Comment Nabila a-t-elle découvert mon blog et, surtout, la note qui, exceptionnellement, évoquait, à l'occasion du cinquantenaire du cessez-le-feu,coïncidant avec la fin de mes obligations militaires, mon séjour dans ce petit village dominant le large oued et les relations cordiales que j'entretenais avec Boussouf, le vieil (?) harki. Car, il y a quelques mois, j'avais décidé, pour des raisons personnelles, d'archiver ma vingtaine de notes sur le sujet, notes bien rangées désormais quelque part, dans un fichier spécial... Aussi, son commentaire m'a intrigué, mettez-vous à ma place! Une longue communication avec l'intéressée et voilà, j'ai l'explication. Mais celà ne vous intéresse pas... un détail. Allons à l'essentiel.

Nabila est petite fille de harki, née en France. Sa famille est originaire d'une bourgade située à quelques kilomètres du village où j'ai séjourné pendant deux ans ( ce fut long!). J'ai évidemment compris son besoin de témoignages dont le mien, si possible. Son grand-père est mort, si j'ai bien compris, pendant la pacification... le maintien de l'ordre... la guerre... comme vous voulez.

Elle m'a demandé si Antoine, qu'elle a rencontré ici et là en feuilletant mon blog, était bien mon petit-fils. Message bien reçu. Faudrait être idiot pour ne pas l'avoir compris!

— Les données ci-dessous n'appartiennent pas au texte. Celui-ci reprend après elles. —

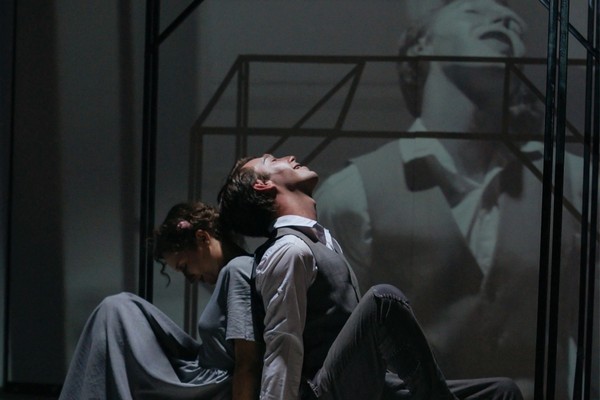 Жизнь Человека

Que pourrais-je donc lui offrir, à Nabila, petite-fille de harki, qui présenterait pour elle, un soupçon d'intérêt, qui serait complémentaire de tout ce qu'elle connaît déjà sur cette période trouble, lointaine. Ces derniers jours les médias ont enfin ( cinquantenaire oblige?), provoqué des débats, produit des documents, diffusé des films...Je me suis reconnu souvent à l'occasion de divers témoignages. Pas toujours.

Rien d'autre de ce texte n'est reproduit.